Do you have a bone or joint problem (for example, back, knee or hip) that could be made worse by a change in your physical activity? | ||
Is your doctor currently prescribing drugs (for example, water pills) for your blood pressure or heart condition? | ||
Do you know of any other reason why you should not do physical activity? |
Laboratory and Field Testing
The main difference between lab and field-based testing methods is pretty self explanatory, one happens in a lab, and the other takes place wherever the population resides. Both can be used in research, but there definitely has traditionally been a stigma that lab collected data is better and field-based methods are more often used in performance testing where research may not be the focus. Historically, there has been some truth to this notion, but these lines have been blurred a little with the rise in technology and shrinking size of many pieces of equipment. Some traditional lab-based equipment has become more portable and may be adopted into filed-based environments, making us re-envision what a research lab actually is.

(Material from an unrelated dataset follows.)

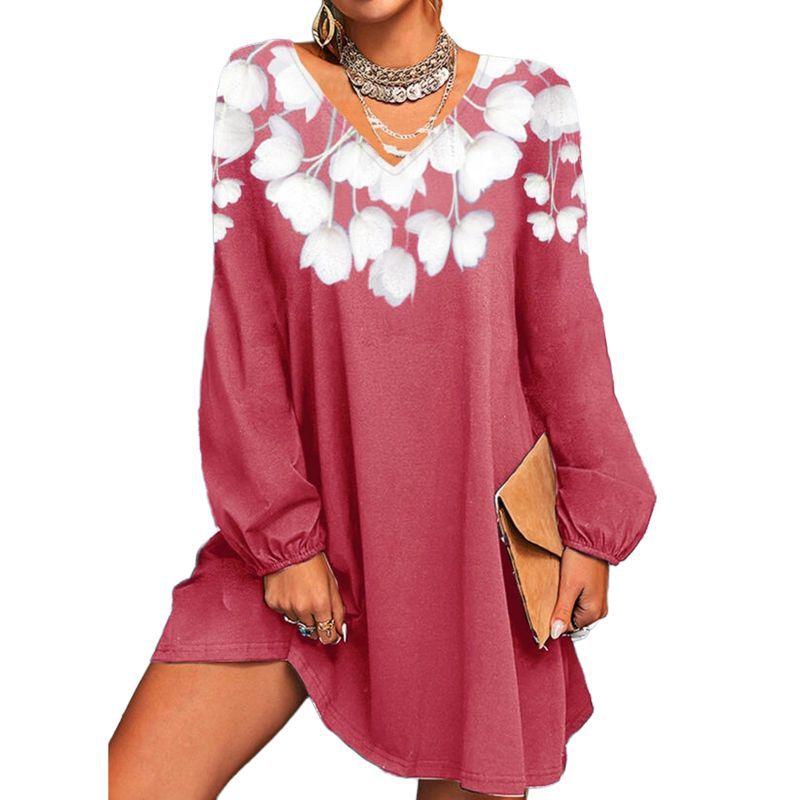 

Women s Casual Printed Long-Sleeve V-Neck Dress 5XL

There are advantages and disadvantages to both lab- and field-based testing methods. From a purely quantitative and statistical approach, lab testing methods are always going to be more valid and reliable as far as the equipment goes. So lab testing methods are often the favored option for research, but it isnt as straightforward as you might think.

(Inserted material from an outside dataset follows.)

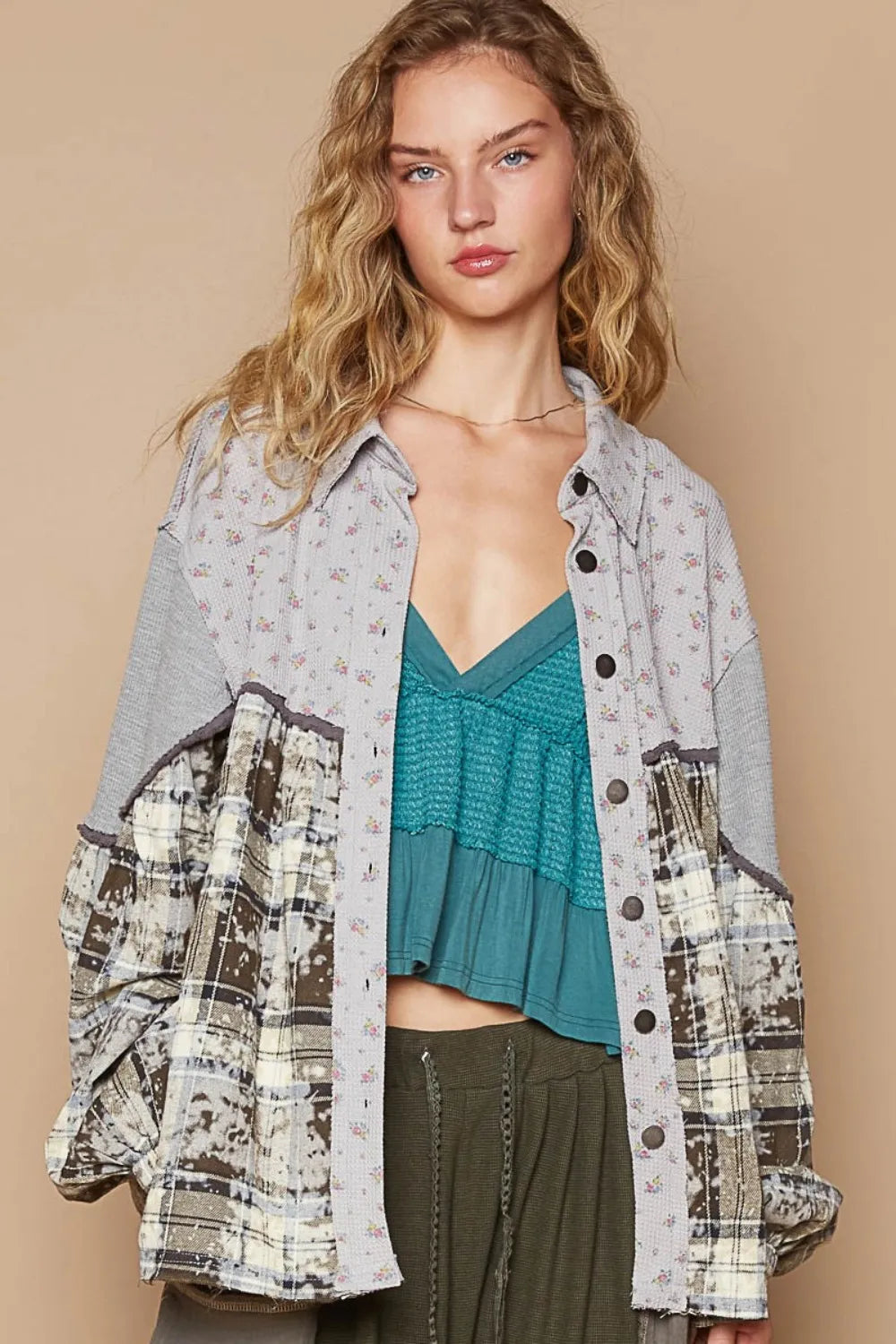 Brown and grey balloon sleeve floral color block plaid shirt by Trendsi, featuring a stylish mix of floral and plaid patterns.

Two of the main arguments for or against each appear above in Figure 11.1.. Laboratory testing has the benefit of being able to strictly control nearly all aspects of the environment. When we are seeking to answer a specific research question, we generally have one variable that will manipulated (the independent variable), one variable is being measured to see how independent variable changes may result in other changes (the dependent variable), and all other variables are held constant or removed. This is done so that we can be certain of how changes in one variable are reflected in another. Allowing other variables to fluctuate in the study will complicate our results and interpretation. This is a big plus for lab testing. You wont have to deal with any temperature or other weather changes that could take place outside. Distractions such as other people in a testing environment can be limited or removed. Field testing must deal with this issue and it may complicate results. If testing is happening outdoors, you should make sure all variables are constant between testing sessions. But what if you are looking for change year-round in some test. Temperatures in January are very different from temperatures in August and there isnt much you can do about that. The error that this introduces must be acknowledged and considered in the interpretation. Even when using a field-based test indoors, there are environmental factors that we often cannot control. So, this is a disadvantage for field-based testing.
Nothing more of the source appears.